The rise of Machine Learning has led to changes across all areas of computer science. From a very abstract point of view, heuristics are replaced by black-box machine-learning algorithms providing “better results”. But how do we actually quantify better results? ML-based solutions tend to focus more on absolute performance improvements (measured by metrics) instead of factors like resilience and reproducibility. On the other hand, ML models have a significantly growing impact on humans. One can argue that the danger is negligible for applications like playing games but with direct impacts like self-driving in production, there comes a responsibility. This responsibility was strengthened not only by laws such as the EU General Data Protection Regulation (GDPR).

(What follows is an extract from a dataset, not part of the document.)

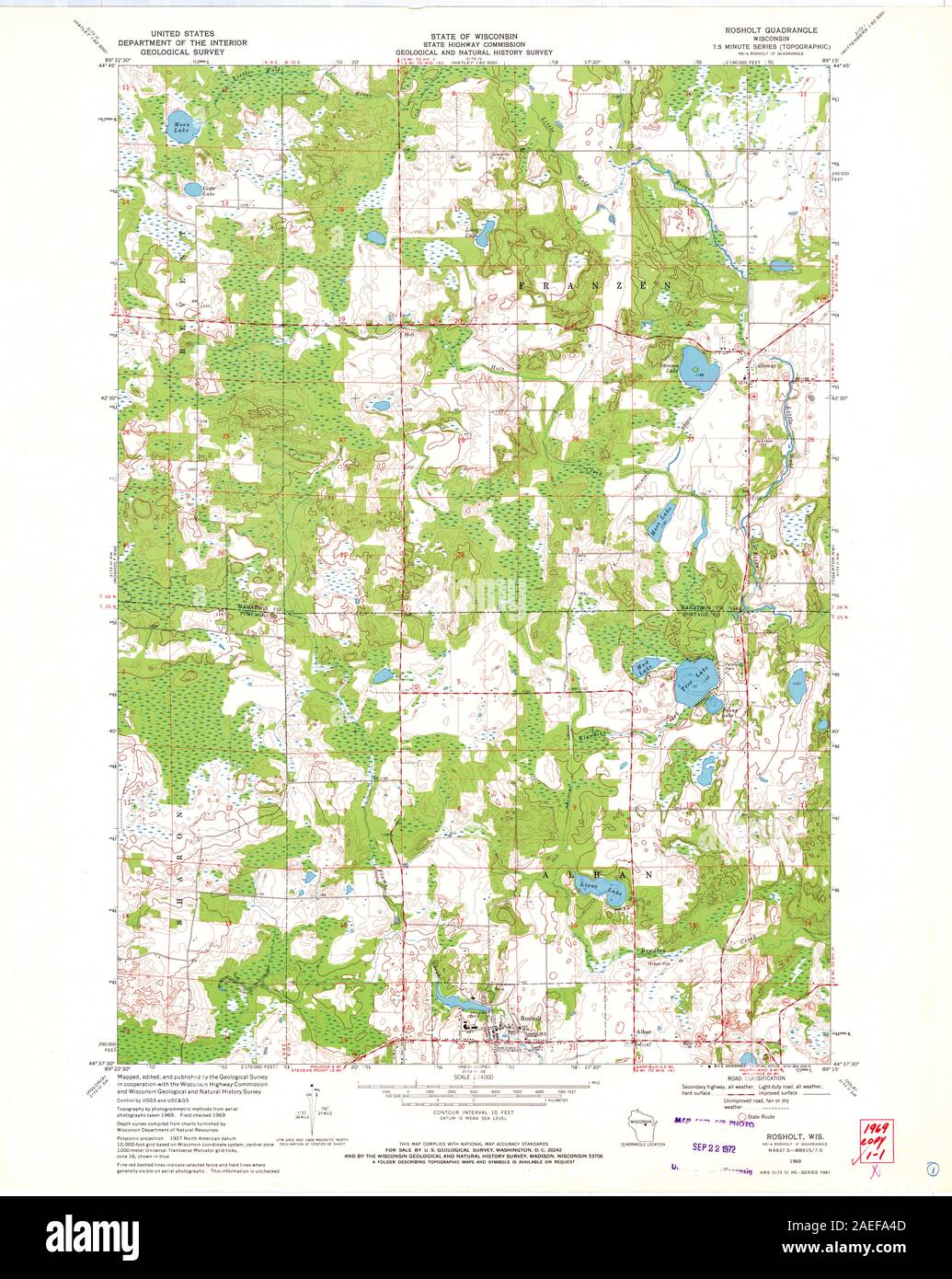 Map of rosholt hires stock photography and images Alamy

Nevertheless, the objective of this post is not to philosophize about the dangers and dark sides of AI. In fact, this post aims to work out common challenges in reproducibility for machine learning and shows programming differences to other areas of Computer Science. Secondly, we will see practices and workflows to create a higher grade of reproducibility in machine learning algorithms.

Background

Having a software engineering background, my first personal experience of programming in machine learning felt like going back in time. Many frameworks are evolved and highly used in practice (TensorFlow, keras, pytorch, …) but other’s are still in the early stages and evolve quickly. This fact shouldn’t be surprising regarding the short history of current ML implementations. However, the definition of frameworks differs from other areas of Computer Science. Tensorflow and others create an abstraction layer for the underlying mathematical operations and indeed simplify processes like training, optimizations and more. But for me, they are closer to a toolkit of operations than a cookbook with best-practices.

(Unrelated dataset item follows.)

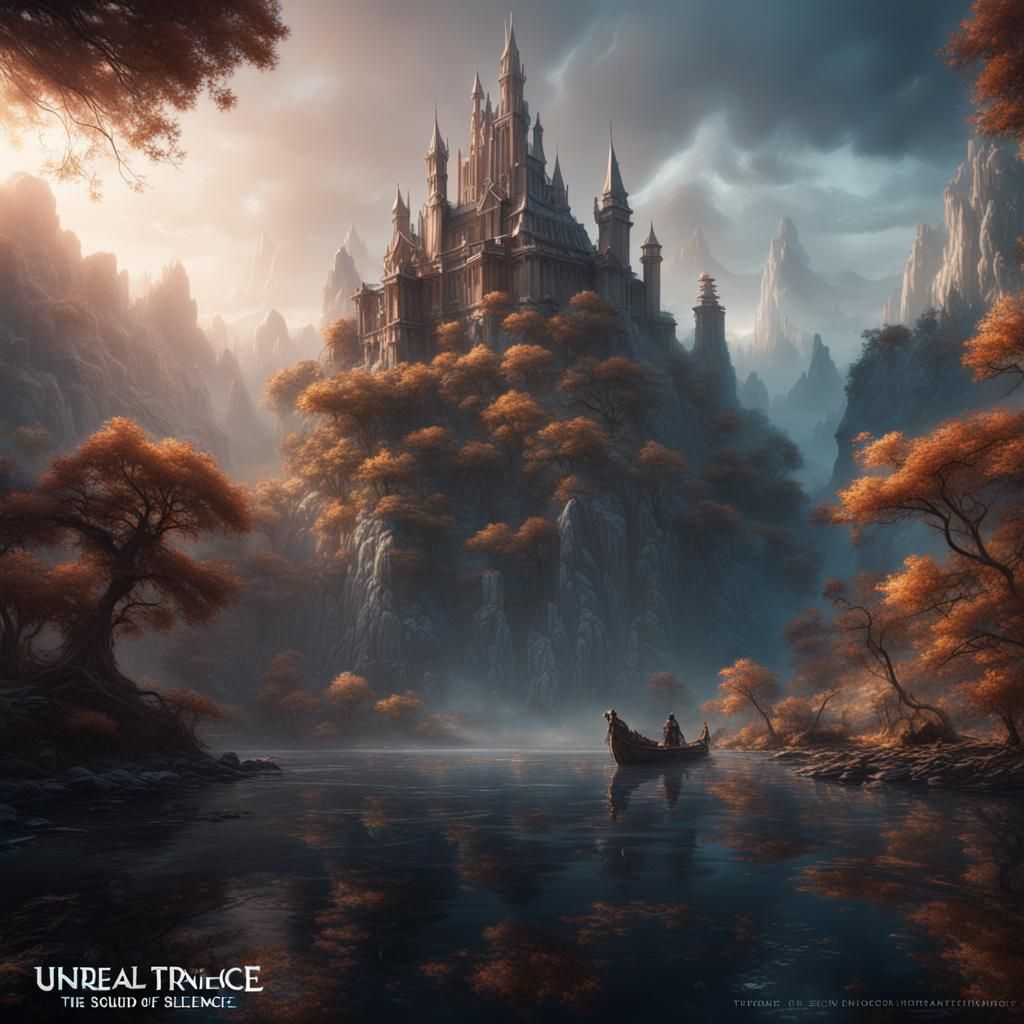 Fantastical Matte Painting in Deep Color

Especially scientific results are often implemented with the same toolkit but as a standalone project. For this reason, the grade of reusability of such implementations is often low. Research scientists are interested in the most recent publications but there is no baseline project which can be used for different approaches, models and datasets. It’s more about copying and pasting workflows, downloading datasets and hacking it together. However, the research in ML is now establishing programming paradigms which exist in other parts of computer science for decades. Further, I am thankful to anyone contributing to state-of-the-art implementations in the first place. Thus, we will move the scientific scope into the background from now on.

Taking a more practical approach into account, Jupyter notebooks are often used as a starting point to explore data and different approaches. They are a great tool to evaluate a proof-of-concept and to showcase initial findings. However, notebooks tend to be chaotic with increasing complexity. In certain aspects, we can compare the workflow to creating an MVP in software engineering. You can reuse the created MVP as a setup for the productive application, but you shouldn’t expect a clean and extensible architecture then.

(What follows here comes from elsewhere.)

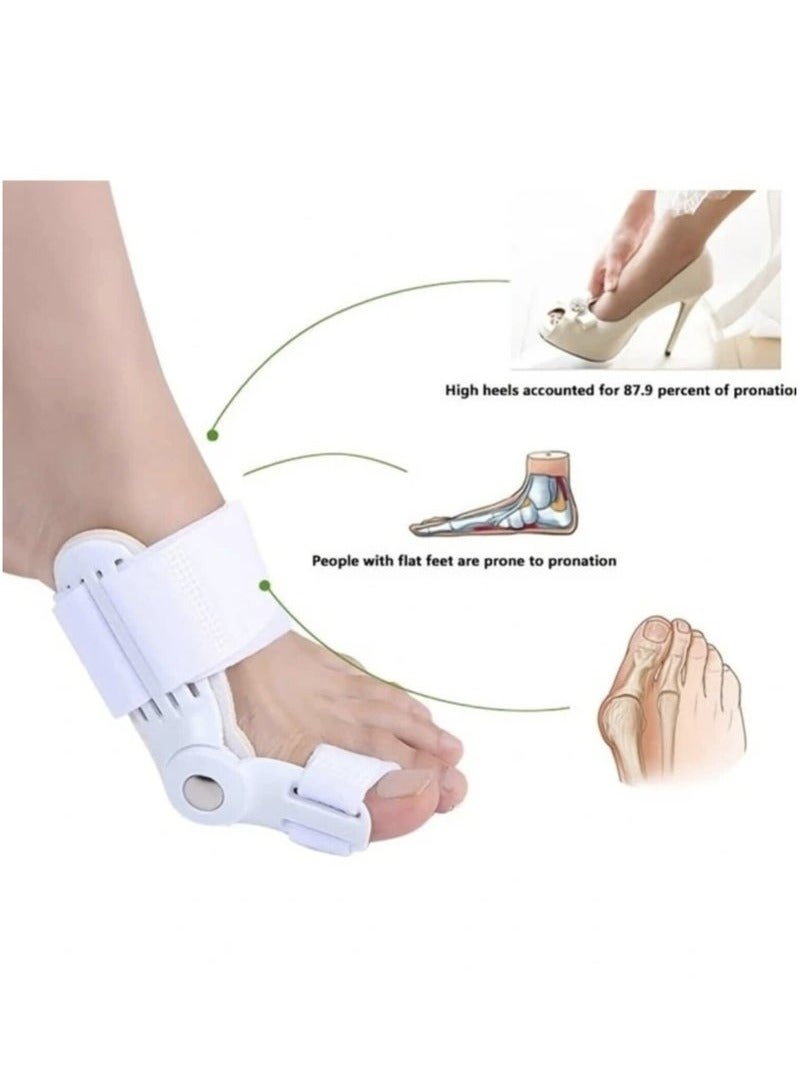 Bunion Splint Orthopedic Big Toe Straightener Non-Surgical Hallux Valgus Corrector for Men and Women - Image 2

A machine learning workflow

For a better understanding, the following figure shows a typical workflow and the components of development in Data Science:

Load and preprocess data, bring it into an interpretable form for our ML model.
Code a model and implement the block-box magic that empowers AI.
Train, Evaluate and fine-tune the model over days, weeks or months.

https://cloud.google.com/ml-engine/docs/tensorflow/ml-solutions-overview

After an initial implementation and similar to software lifecycles, we have the following steps:

Deploy the program (model) to our dedicated infrastructure (Cloud, local).
Use the model in production.
Monitor the application and its predictions.
Maintain the source code, implement new features and deploy new versions.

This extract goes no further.